Но ведь как же и полюбила ее Дашкова! Она ее любит страстно, как некогда Екатерину. Свежесть чувств, их женская нежность, потребность любви и столько юности сердца в шестьдесят лет – изумительны. Внимательность матери, внимательность сестры, любовницы – вот что находит Мэри в Троицком; чтоб ее рассеять, Дашкова едет в Москву, возит ее по балам, показывает монастыри, представляет императрицам, украшает цветами ее комнату, проводит вечера с ней, читая письма Екатерины и других знаменитостей.
Госпожа Уилмот просит ее, умоляет писать свои «Записки». «И то, – говорит Дашкова, – чего я никогда не хотела сделать ни для родных, ни для друзей, я делаю для нее». Она ей пишет и посвящает свои «Записки».
В 1805 году Дашкова выписала сестру Мэри, Кэтрин, которая была тогда во Франции и должна была ее покинуть, преследуемая в качестве англичанки. Сестры нисколько не похожи друг на друга. Мэри – существо нежное, кроткое, обрадовавшееся, что есть к кому прислониться, согреться под чьим-то крылом; она привязывается к Дашковой, как слабый плющ к старому, но крепкому дереву; она ее называет ту Russian mother[86]] она приехала к ней из маленького городишка и ничего не видела прежде, кроме своего «изумрудного острова». Ее сестра, живая и вспыльчивая, независимая во мнениях, жившая в Париже, умная и насмешливая, без особенной любви и терпимости, развязнее на язык. К тому же ей положительно многое не нравится в России, и потому ее письма исполнены для нас своего рода интереса.
«Россия, – говорит она, – похожа на двенадцатилетнюю девочку – дикую, неловкую, на которую надели парижскую модную шляпку. Мы живем здесь в XIV или XV столетии»[87]. Крепостное состояние поражает ее гораздо больше, чем добродушную ее сестру. Напрасно Дашкова показывает ей благосостояние своих крестьян. «Им хорошо при княгине, – пишет Кэтрин, – но каково будет после?» Каждый помещик кажется ей одним из железных колец, которыми скована Россия.

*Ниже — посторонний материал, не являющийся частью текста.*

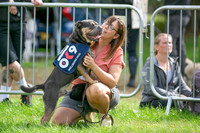 Scruffts Family Crossbreed of the Year competition. Knebworth Park. 13th September 2026-008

В жалком подобострастии, в позорном раболепии нашего общества она очень справедливо находит отражение рабства. Она с изумлением видит в залах и гостиных опять холопов без всякого нравственного чувства собственного достоинства. Ее удивляют гости, которые не смеют садиться и часы целые стоят у дверей, переступая с ноги на ногу, которым кивают, чтоб они ушли. «Понятие добра и зла смешивается в России с понятием быть в милости или в немилости. Достоинство человека легко определяется по адрес-календарю, и от государя зависит, чтоб человека принимали за змею или за осла».

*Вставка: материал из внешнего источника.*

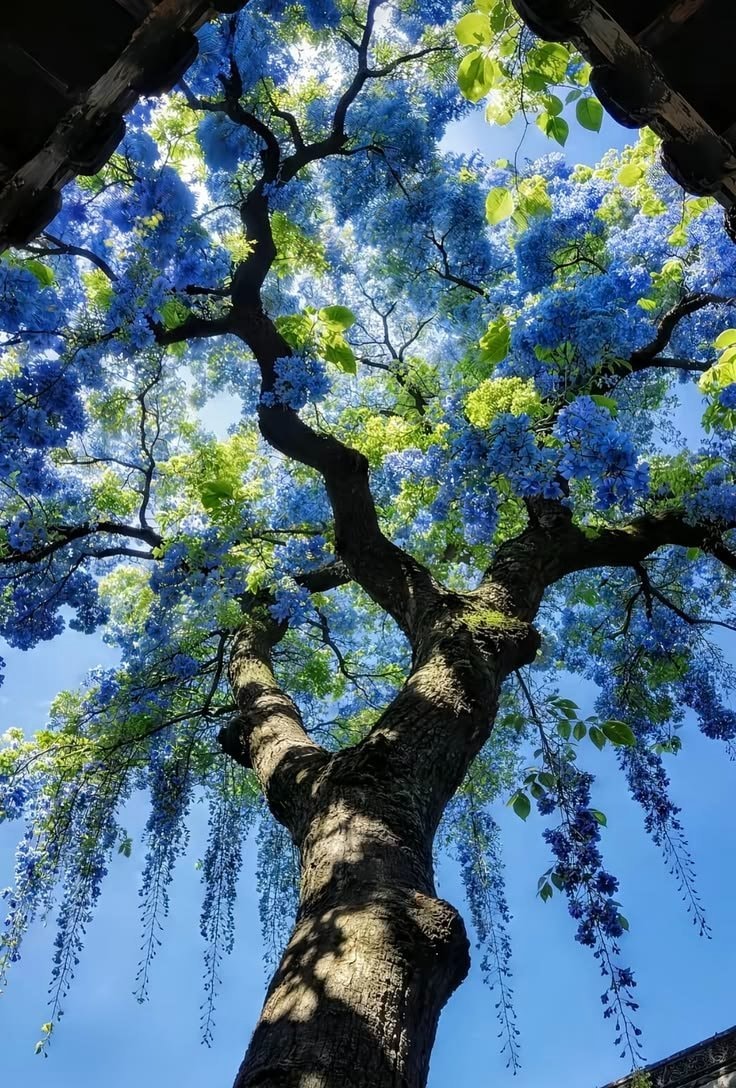 Blue flowering tree framed by dark eaves (photo 2 of 2)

Московские тузы не запугали ее млечным путем своих звезд, своей тяжеловатой важностью и скучными своими обедами. «Мне кажется, – пишет она после праздников 1806 года, – что я все это время носилась между тенями и духами Екатерининского дворца. Москва – императорский политический элизиум России. Все особы, бывшие в силе и власти при Екатерине и Павле и давно замещенные другими, удаляются в роскошную праздность ленивого города, сохраняя мнимую значительность, которую им уступают из учтивости. Влияние, сила давно перешли к другому поколению, и тем не менее обер-камергер императрицы Екатерины II князь Голицын всё так же обвешан регалиями и орденами, под бременем которых склоняются еще больше к земле его девяносто лет от роду; всё так же, как во дворце Екатерины, привязан бриллиантовый ключ к его скелету, одетому в шитый кафтан, и всё так же важно принимает он знаки уважения своих товарищей-теней, разделявших с ним во время оно власть и почести.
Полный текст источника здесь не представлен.